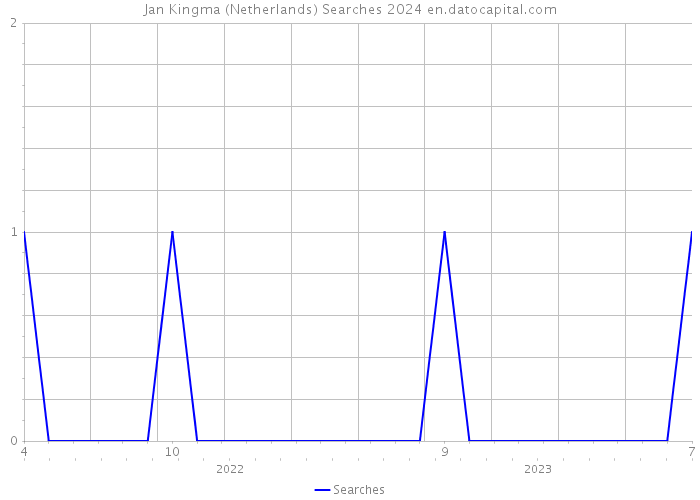 Jan Kingma (Netherlands) Searches 2024 
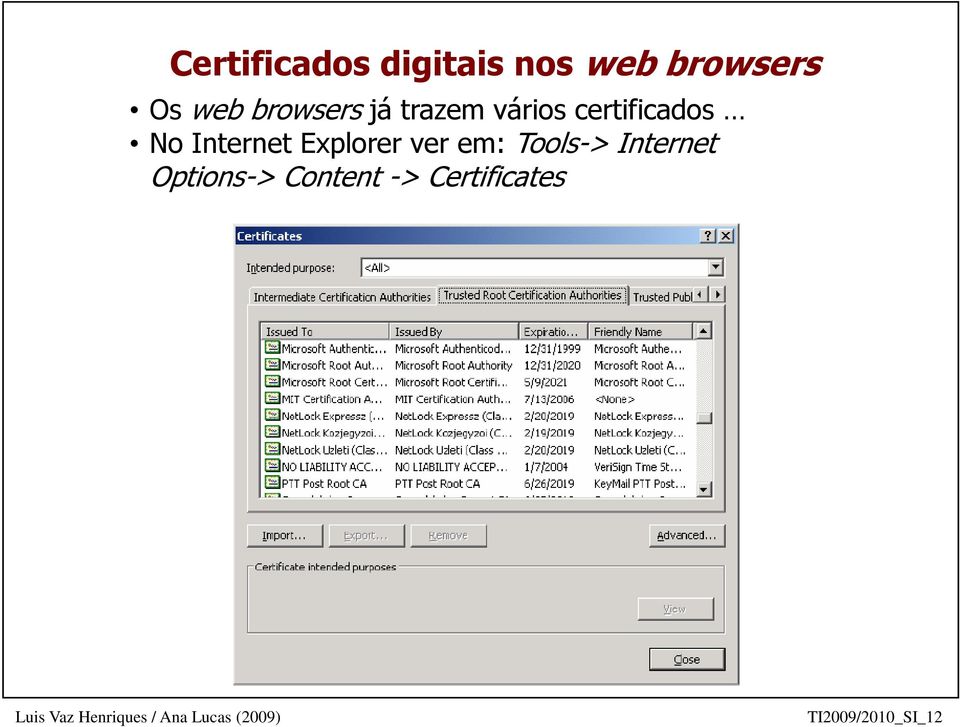 Internet Explorer ver em: Tools-> Internet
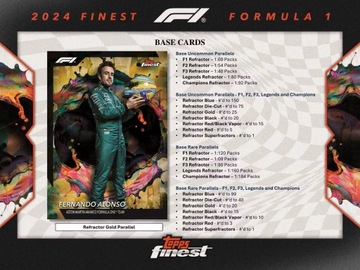Hobbies Box F1 Лучший 2024 Topps Formula 1 Гарантированная реликвическая карта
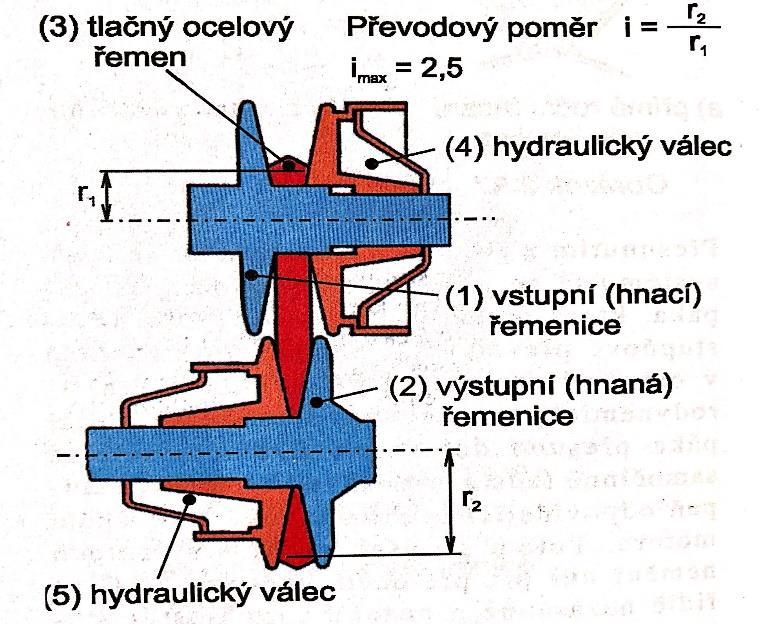 průměr řemenice. Tím je zajištěn převod do síly. Pro velké rychlosti není potřeba převod do síly, ale hlavně do rychlosti. To je zajištěno opačným nastavením průměrů.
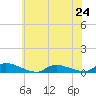 Tide chart for Flat Creek, Manahawkin Bay, New Jersey on 2024/06/24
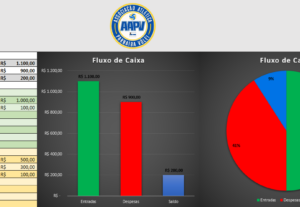 Eu vou fazer sua planilha financeira detalhada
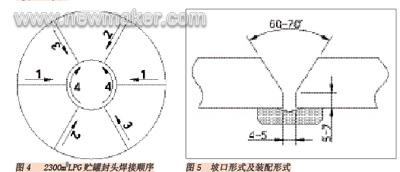 箱型钢结构制作的变形控制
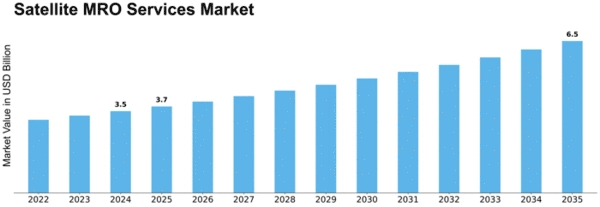 Satellite MRO Services Market Size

*Aim of the task*
Output nothing but the entries above, exactly, once the pictures are removed.

*Solution for this task*
 Jan Kingma (Netherlands) Searches 2024 
 Internet Explorer ver em: Tools-> Internet
Hobbies Box F1 Лучший 2024 Topps Formula 1 Гарантированная реликвическая карта
 průměr řemenice. Tím je zajištěn převod do síly. Pro velké rychlosti není potřeba převod do síly, ale hlavně do rychlosti. To je zajištěno opačným nastavením průměrů.
 Tide chart for Flat Creek, Manahawkin Bay, New Jersey on 2024/06/24
 Eu vou fazer sua planilha financeira detalhada
 箱型钢结构制作的变形控制
 Satellite MRO Services Market Size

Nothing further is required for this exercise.